■ Data for the task:

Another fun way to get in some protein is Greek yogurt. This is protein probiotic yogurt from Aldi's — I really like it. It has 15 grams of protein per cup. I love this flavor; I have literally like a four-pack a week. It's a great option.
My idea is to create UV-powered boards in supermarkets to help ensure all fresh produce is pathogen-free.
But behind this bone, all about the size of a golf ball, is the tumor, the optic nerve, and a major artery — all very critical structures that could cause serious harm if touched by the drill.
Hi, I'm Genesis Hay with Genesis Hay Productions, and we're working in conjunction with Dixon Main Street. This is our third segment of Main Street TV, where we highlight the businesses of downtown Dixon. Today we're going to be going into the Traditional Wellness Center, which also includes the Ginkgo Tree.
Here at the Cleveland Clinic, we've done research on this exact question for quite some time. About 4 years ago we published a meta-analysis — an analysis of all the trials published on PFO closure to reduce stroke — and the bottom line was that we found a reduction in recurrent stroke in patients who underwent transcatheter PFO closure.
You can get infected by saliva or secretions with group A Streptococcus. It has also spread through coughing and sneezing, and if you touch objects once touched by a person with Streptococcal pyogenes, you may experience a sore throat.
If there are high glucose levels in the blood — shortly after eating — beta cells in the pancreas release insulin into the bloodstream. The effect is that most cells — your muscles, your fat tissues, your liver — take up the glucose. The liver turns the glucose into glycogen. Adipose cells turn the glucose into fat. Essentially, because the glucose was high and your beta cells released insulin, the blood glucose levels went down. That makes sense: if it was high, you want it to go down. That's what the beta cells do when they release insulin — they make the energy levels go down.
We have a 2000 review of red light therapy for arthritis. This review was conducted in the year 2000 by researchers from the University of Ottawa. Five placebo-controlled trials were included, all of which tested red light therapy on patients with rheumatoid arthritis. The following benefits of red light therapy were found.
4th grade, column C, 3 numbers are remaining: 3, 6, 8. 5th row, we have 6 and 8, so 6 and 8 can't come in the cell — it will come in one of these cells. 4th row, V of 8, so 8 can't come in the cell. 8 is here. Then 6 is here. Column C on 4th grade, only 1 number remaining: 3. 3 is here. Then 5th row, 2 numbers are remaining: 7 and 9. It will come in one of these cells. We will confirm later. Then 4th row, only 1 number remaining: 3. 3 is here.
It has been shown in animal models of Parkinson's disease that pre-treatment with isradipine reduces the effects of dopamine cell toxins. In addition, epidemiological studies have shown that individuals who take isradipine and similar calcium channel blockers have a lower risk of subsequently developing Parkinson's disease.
* * *
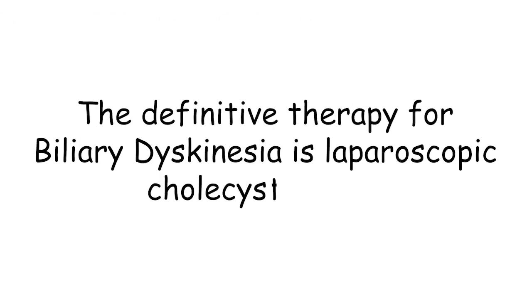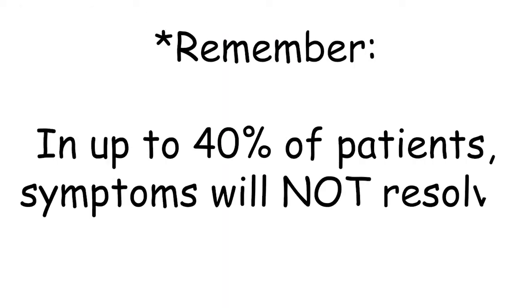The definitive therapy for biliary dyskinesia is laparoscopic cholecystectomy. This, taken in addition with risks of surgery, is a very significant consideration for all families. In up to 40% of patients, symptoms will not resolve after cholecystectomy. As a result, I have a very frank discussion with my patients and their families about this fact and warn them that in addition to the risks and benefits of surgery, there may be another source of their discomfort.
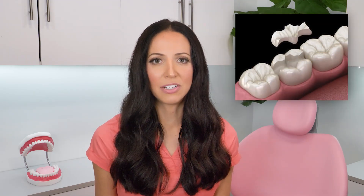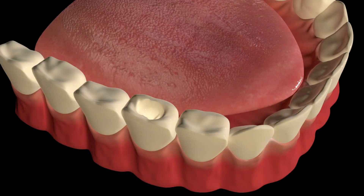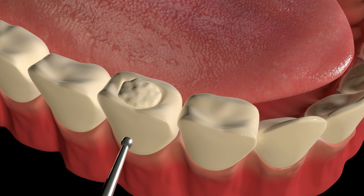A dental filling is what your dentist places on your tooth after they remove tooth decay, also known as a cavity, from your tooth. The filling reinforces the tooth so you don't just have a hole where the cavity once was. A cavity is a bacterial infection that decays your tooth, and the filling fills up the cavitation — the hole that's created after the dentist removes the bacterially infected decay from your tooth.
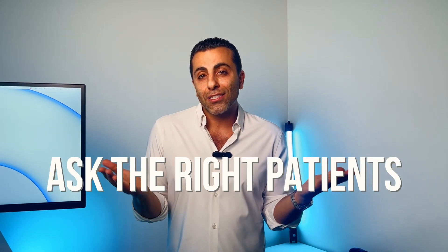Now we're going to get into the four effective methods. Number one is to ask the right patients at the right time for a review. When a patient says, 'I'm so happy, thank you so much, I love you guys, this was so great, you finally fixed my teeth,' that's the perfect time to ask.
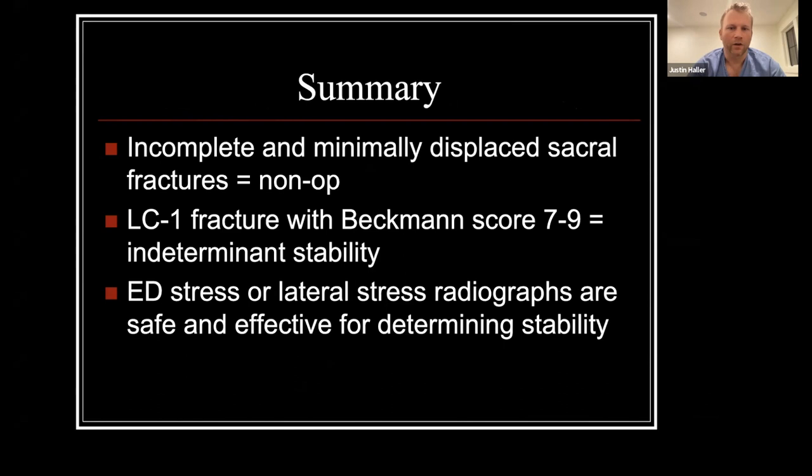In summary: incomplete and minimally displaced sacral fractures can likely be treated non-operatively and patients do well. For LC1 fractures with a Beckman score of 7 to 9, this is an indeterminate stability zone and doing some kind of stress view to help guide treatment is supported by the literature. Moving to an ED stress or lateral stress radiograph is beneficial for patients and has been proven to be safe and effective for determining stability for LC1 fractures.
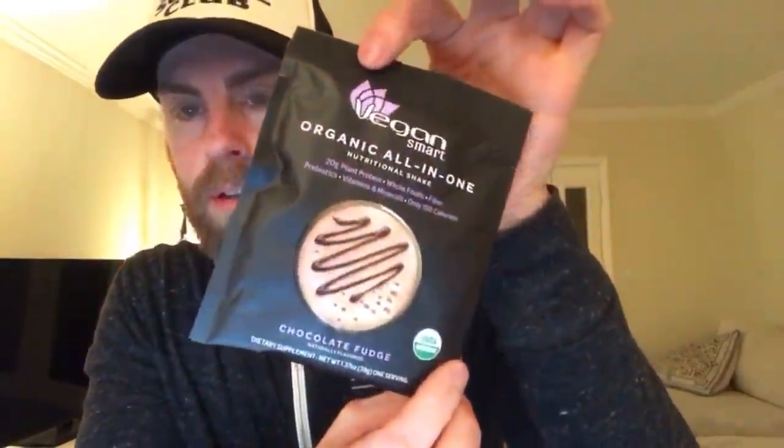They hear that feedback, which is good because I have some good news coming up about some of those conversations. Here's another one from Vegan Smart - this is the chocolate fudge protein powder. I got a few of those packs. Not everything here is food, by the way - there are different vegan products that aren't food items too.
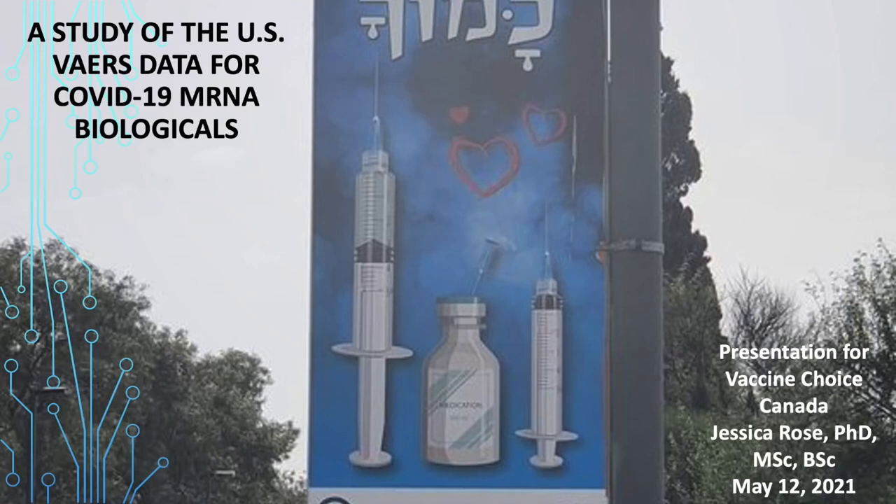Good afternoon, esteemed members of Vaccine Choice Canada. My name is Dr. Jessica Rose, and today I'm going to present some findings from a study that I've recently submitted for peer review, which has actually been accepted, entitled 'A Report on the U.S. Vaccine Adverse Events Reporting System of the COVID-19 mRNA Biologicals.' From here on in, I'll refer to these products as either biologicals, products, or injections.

■ Assignment:
Using the data above, reproduce exactly the lines between those holding "My idea is to" and "Here at the", inclusive, and no others.

■ Output of the task:
My idea is to create UV-powered boards in supermarkets to help ensure all fresh produce is pathogen-free.
But behind this bone, all about the size of a golf ball, is the tumor, the optic nerve, and a major artery — all very critical structures that could cause serious harm if touched by the drill.
Hi, I'm Genesis Hay with Genesis Hay Productions, and we're working in conjunction with Dixon Main Street. This is our third segment of Main Street TV, where we highlight the businesses of downtown Dixon. Today we're going to be going into the Traditional Wellness Center, which also includes the Ginkgo Tree.
Here at the Cleveland Clinic, we've done research on this exact question for quite some time. About 4 years ago we published a meta-analysis — an analysis of all the trials published on PFO closure to reduce stroke — and the bottom line was that we found a reduction in recurrent stroke in patients who underwent transcatheter PFO closure.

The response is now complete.